Todd Kessler found his way onto NBC's singing competition "The Voice" after playing the Chicago music scene for a few years with his band, The New Folk. RedEye spoke with Kessler, 30, regarding his song choice for his recent blind audition, what it's like having Cee-Lo Green as his coach, and some of his favorite spots in the city. "The Voice" begins its battle rounds at 7 p.m. Oct. 8 on NBC.
Could you talk about your song choice and what made you want to perform it?
Choosing "Maggie May" was somewhat of a challenge because when choosing a classic song, from the first notes, anyone who hears it is going to have emotional attachment to the song. Knowing that it was "Maggie May" and the expectations for what it was supposed to be like, I knew it was going to be a tough choice, but I thought they would like it because my voice is so different from the original. Rod Stewart had a lot of rasp but my voice is more clean. I think it turned out OK.

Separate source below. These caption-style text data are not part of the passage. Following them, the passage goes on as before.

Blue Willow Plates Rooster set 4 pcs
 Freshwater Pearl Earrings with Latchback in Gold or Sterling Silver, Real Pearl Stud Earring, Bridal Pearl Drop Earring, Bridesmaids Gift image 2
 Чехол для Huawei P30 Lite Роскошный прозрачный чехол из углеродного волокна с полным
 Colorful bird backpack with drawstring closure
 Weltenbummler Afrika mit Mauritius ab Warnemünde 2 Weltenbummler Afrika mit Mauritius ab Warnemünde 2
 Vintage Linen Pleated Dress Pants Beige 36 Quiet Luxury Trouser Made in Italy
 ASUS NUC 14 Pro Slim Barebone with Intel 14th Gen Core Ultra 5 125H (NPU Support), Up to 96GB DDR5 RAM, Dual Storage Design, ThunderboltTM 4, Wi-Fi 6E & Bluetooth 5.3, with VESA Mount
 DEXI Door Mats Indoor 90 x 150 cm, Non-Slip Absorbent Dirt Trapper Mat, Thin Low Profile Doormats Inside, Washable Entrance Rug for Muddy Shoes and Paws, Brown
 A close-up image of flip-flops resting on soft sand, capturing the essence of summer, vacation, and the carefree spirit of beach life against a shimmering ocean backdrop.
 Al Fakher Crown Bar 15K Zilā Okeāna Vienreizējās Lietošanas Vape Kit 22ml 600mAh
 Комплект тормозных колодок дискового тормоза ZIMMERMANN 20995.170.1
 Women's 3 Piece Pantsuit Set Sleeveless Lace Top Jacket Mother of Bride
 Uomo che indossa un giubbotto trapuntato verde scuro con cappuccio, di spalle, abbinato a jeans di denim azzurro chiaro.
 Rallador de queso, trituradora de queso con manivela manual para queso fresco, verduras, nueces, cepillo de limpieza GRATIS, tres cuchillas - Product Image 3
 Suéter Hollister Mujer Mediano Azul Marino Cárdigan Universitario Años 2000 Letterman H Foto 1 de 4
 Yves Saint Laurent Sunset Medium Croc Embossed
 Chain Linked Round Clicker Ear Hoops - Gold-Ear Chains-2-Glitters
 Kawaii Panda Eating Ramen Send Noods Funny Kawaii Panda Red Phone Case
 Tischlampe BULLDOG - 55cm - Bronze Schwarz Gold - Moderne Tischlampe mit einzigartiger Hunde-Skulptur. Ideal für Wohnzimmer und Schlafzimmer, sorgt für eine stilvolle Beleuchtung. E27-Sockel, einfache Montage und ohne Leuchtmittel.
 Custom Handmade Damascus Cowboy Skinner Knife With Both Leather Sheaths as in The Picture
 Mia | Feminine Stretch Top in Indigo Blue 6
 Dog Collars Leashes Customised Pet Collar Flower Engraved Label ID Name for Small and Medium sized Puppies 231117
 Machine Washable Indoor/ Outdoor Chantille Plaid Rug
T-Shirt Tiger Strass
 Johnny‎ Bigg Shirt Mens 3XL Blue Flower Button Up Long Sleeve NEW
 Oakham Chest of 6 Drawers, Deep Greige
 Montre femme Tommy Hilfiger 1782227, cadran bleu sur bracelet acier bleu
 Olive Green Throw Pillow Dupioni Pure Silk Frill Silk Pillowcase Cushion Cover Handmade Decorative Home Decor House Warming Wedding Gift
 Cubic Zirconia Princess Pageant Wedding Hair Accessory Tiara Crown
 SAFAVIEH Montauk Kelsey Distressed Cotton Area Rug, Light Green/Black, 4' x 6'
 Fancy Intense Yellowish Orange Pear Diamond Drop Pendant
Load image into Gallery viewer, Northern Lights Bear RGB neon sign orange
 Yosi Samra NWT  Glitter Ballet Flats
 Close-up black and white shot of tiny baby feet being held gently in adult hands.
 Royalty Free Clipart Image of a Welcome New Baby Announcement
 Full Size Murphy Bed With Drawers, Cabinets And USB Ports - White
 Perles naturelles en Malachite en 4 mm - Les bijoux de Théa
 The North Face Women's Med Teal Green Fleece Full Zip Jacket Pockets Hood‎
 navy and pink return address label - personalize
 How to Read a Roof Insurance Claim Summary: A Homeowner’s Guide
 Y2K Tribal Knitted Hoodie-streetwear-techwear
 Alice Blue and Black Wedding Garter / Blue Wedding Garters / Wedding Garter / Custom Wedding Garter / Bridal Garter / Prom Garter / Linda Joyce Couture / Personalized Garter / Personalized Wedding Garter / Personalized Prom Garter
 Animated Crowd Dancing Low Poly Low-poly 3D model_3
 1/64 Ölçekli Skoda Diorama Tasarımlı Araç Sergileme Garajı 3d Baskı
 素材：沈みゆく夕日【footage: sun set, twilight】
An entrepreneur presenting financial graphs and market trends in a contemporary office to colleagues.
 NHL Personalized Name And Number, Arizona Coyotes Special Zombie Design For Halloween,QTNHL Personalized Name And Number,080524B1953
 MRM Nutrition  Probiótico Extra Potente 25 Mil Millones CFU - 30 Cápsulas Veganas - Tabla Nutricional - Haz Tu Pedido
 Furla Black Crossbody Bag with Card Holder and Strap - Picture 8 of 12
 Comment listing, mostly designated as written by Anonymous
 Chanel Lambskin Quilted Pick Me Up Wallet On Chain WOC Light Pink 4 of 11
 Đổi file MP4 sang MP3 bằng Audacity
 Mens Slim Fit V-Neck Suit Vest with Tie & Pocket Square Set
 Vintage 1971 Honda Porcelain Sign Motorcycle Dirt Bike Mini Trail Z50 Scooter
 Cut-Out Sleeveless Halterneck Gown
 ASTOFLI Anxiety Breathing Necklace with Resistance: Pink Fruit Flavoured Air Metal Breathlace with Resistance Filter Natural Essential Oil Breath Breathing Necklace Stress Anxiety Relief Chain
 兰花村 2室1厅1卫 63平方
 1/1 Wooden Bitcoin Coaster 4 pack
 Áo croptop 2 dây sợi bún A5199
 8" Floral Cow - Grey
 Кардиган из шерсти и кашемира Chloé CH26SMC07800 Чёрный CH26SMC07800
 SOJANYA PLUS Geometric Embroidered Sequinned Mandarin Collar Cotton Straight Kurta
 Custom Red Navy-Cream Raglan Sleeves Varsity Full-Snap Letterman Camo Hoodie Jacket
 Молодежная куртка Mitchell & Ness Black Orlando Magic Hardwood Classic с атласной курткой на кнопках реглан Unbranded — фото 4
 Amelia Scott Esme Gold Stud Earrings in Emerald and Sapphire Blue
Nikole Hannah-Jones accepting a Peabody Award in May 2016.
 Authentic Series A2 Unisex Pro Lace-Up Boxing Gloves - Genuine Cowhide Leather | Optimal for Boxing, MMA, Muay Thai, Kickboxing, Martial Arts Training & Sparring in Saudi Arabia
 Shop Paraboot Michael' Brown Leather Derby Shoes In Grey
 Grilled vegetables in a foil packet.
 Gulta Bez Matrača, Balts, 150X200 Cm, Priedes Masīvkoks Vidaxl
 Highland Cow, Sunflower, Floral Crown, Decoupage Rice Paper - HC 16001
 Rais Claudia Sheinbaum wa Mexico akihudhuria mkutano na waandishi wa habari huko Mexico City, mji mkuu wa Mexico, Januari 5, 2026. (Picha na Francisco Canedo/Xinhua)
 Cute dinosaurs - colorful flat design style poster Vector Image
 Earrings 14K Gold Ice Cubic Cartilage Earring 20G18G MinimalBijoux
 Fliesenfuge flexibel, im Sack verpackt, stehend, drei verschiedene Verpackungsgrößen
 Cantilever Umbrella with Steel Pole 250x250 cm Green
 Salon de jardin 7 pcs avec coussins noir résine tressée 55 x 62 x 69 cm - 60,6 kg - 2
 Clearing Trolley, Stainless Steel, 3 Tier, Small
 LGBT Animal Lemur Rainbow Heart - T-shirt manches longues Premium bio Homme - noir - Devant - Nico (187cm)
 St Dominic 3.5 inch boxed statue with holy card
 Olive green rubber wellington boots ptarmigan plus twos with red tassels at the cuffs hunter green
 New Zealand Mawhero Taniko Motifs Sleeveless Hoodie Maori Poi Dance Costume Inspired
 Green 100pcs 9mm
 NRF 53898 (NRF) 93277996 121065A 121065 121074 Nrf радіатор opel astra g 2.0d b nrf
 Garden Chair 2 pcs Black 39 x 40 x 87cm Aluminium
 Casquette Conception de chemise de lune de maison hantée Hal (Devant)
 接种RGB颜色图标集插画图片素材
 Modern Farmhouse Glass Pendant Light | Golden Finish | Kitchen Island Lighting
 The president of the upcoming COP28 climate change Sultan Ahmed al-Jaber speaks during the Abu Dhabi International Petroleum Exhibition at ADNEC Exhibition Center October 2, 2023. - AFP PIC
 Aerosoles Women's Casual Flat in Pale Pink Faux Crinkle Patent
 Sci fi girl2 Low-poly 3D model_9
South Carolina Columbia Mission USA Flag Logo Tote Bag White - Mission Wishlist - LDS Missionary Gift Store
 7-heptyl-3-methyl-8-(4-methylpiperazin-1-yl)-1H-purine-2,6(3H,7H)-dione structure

What was it like being on the stage?
As soon as those doors opened and you see audience and see chairs, all the nerves kind of dissolved. The weeks before the audition were extremely nerveracking.
What has it been like working with Cee-Lo Green as a coach?
What's great about Cee-Lo is he's never trying to change me or mold something that I'm not. He heard something in my voice that I didn't hear, and he wanted to kind of move forward with that vibe, which turned out to be a really great learning experience. I perhaps didn't see myself as that type of singer, but he brought out something in me.
Give us a little background on yourself and being from the city.
I grew up in Northbrook and then moved down to the city after graduating from [University of Illinois]. I messed around with the open mics around the city. I have since, with my band, worked my way to playing Lincoln Hall, Space, a residency at Schubas, and we just released our album.
What are some of your favorite spots in the city?
I'll keep it to music. I love Schubas. It's just an amazing room, an amazing place to play as artist. It's a great place to go and hang out too. You know it's going to be a good show so, you know, you can peek in and not even know who is playing and have a good time.